Inherited Circuits, Learned Semantics: How Fine-Tuning Creates Evasion Vulnerabilities Invisible to Standard Evaluation
arXiv:2606.27091v1 Announce Type: cross Abstract: LLMs fine-tuned for security classification are usually evaluated on held-out examples from the same distribution as their training data. We show that this can miss vulnerabilities introduced by fine-tuning itself: models can learn token-level...
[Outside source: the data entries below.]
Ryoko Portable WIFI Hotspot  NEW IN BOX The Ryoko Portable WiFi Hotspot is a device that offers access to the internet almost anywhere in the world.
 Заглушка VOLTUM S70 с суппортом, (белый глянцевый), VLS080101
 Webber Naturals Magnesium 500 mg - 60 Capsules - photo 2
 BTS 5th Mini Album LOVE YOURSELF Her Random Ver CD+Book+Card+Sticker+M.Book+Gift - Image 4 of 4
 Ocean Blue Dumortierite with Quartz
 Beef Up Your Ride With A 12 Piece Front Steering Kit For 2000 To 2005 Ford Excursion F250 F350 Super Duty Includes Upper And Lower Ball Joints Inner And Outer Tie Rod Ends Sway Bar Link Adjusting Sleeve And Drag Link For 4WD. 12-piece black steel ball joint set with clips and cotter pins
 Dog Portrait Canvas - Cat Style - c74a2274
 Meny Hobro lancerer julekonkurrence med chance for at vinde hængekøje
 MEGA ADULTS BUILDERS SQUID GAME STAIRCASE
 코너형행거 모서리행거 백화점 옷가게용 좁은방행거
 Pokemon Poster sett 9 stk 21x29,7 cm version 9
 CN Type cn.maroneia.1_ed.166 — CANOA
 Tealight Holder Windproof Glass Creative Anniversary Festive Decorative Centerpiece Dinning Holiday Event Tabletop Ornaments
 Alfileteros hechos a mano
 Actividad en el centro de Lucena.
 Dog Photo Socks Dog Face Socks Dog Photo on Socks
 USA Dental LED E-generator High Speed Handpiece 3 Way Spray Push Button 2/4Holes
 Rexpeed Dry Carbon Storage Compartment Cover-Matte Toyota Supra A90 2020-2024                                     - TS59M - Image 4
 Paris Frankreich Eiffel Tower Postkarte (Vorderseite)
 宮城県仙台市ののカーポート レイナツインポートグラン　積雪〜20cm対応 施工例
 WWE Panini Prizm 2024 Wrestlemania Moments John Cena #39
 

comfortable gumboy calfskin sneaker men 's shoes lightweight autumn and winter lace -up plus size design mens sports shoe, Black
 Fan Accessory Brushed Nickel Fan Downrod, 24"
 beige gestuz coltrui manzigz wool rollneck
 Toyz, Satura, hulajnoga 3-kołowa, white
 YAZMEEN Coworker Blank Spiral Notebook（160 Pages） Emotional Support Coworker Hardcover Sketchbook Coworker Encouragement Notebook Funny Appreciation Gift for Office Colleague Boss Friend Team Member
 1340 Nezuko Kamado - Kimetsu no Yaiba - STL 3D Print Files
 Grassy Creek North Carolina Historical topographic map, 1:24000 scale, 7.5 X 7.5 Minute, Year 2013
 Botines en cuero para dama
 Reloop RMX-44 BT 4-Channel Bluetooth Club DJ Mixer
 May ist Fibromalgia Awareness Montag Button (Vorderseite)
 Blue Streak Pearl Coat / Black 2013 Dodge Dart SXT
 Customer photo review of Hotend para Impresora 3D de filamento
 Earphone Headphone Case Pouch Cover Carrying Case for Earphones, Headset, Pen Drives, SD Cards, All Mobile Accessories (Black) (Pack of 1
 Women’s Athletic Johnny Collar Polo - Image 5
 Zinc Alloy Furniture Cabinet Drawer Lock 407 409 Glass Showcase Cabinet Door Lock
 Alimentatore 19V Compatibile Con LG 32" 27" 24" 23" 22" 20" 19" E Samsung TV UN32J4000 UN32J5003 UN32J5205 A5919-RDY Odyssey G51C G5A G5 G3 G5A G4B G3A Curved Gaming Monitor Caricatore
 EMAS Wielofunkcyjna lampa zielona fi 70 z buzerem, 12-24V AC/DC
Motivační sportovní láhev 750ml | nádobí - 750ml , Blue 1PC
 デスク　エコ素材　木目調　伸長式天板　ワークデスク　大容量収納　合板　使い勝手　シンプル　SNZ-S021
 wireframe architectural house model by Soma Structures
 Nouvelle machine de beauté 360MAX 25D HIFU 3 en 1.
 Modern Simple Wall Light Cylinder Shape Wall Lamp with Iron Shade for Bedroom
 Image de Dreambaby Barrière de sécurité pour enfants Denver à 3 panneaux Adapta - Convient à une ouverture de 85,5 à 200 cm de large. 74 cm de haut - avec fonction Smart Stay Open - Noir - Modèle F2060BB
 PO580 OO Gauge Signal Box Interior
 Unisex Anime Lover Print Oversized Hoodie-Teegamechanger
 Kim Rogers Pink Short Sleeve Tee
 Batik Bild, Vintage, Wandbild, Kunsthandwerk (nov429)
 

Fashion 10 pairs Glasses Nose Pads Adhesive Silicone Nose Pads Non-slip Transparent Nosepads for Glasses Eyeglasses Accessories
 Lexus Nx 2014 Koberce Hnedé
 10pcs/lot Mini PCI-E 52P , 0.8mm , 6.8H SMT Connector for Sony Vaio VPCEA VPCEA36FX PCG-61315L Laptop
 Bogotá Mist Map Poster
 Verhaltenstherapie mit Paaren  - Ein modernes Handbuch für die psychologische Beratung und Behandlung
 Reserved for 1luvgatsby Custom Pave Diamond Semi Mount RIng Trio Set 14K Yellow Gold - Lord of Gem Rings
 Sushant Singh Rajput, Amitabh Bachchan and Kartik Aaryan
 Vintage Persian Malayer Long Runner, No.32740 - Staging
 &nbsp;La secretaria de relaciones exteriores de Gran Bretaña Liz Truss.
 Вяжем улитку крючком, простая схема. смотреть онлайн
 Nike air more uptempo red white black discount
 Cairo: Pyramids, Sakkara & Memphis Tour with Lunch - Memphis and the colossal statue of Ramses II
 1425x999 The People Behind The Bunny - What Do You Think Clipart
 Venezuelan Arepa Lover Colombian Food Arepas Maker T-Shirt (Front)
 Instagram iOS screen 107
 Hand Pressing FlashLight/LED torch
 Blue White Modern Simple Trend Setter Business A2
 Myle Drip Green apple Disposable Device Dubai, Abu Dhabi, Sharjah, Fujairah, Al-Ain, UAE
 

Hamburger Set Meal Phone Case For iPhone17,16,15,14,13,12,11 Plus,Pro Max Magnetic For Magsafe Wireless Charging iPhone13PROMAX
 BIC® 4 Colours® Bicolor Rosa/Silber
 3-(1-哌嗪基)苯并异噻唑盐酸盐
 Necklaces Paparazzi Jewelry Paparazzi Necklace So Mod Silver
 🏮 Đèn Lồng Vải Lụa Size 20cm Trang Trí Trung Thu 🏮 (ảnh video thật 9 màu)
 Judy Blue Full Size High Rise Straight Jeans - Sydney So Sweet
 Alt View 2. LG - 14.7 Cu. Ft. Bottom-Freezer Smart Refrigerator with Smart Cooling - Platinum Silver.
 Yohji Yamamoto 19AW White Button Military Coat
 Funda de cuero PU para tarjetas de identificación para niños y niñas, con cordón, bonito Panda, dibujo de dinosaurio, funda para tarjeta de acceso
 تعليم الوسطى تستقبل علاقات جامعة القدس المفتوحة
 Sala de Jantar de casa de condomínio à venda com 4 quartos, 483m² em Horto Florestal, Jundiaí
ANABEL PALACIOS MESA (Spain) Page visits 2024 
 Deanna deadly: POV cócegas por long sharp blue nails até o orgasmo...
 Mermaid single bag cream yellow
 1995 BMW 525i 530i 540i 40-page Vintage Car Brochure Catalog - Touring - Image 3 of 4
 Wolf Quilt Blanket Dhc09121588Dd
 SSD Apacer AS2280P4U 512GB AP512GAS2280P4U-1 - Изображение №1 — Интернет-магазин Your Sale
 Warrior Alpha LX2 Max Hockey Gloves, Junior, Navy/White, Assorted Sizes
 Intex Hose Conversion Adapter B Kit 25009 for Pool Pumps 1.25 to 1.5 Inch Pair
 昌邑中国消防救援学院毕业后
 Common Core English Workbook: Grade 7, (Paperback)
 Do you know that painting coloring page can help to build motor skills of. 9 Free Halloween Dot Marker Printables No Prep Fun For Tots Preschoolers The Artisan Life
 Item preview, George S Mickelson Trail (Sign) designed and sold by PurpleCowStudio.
The Hidden Cost of Fine-Tuning: When Security Classifiers Learn to Cheat
A new preprint from arXiv (2606.27091) reveals a troubling blind spot in how we evaluate fine-tuned large language models (LLMs). The researchers demonstrate that models fine-tuned for security classification tasks—such as distinguishing safe from malicious inputs—can develop subtle evasion vulnerabilities that standard held-out evaluation completely misses. The core finding: fine-tuning does not just teach new semantic associations; it can also imprint token-level shortcuts that bypass the intended classification logic.
What the Research Reveals
The study shows that when an LLM is fine-tuned on a security dataset, it inherits pre-existing circuit-level behaviors from its base model while simultaneously learning new semantic patterns. The vulnerability emerges because the model can exploit token-level features—specific characters, n-grams, or formatting quirks—that correlate with the training labels but are not semantically meaningful. These "inherited circuits" allow an adversary to craft inputs that evade detection by triggering the learned shortcuts rather than the intended reasoning. Crucially, standard evaluation on a held-out test set drawn from the same distribution as the training data fails to expose these weaknesses, because the test set itself contains the same spurious correlations.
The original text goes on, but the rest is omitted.